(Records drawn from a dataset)

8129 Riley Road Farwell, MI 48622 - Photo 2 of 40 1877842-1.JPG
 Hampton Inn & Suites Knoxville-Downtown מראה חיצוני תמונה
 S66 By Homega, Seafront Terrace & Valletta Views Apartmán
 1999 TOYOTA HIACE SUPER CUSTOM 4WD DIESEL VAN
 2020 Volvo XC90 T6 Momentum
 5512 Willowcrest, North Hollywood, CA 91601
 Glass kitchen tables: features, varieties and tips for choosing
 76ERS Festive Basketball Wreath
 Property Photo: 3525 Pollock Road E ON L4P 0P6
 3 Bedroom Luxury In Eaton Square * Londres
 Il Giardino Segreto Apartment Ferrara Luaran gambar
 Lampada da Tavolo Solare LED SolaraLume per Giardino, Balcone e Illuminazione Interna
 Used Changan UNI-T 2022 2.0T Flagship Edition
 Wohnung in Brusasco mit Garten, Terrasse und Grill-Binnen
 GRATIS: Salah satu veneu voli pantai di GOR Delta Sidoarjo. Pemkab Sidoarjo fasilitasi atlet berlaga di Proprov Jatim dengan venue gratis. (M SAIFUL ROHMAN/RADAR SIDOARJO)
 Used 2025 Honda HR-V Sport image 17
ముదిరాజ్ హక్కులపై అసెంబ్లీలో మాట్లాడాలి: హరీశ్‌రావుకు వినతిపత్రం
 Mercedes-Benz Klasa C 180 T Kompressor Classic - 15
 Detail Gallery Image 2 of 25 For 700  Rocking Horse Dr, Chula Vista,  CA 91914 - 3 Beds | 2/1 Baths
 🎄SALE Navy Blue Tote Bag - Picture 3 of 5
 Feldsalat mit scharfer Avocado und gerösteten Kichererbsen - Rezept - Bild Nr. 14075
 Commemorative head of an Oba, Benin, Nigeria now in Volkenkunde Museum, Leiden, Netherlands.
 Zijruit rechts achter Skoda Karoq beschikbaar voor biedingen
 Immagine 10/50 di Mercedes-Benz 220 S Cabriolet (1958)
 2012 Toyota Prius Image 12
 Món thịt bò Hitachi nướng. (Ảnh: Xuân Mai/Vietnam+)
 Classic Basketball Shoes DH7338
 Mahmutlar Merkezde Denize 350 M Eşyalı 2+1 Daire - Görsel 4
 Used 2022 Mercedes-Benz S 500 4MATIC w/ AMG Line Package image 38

= WHAT YOU SHOULD DO =
Take every line from the records that holds "Classic" and copy it down.

= WRITTEN SOLUTION =
 Mercedes-Benz Klasa C 180 T Kompressor Classic - 15
 Classic Basketball Shoes DH7338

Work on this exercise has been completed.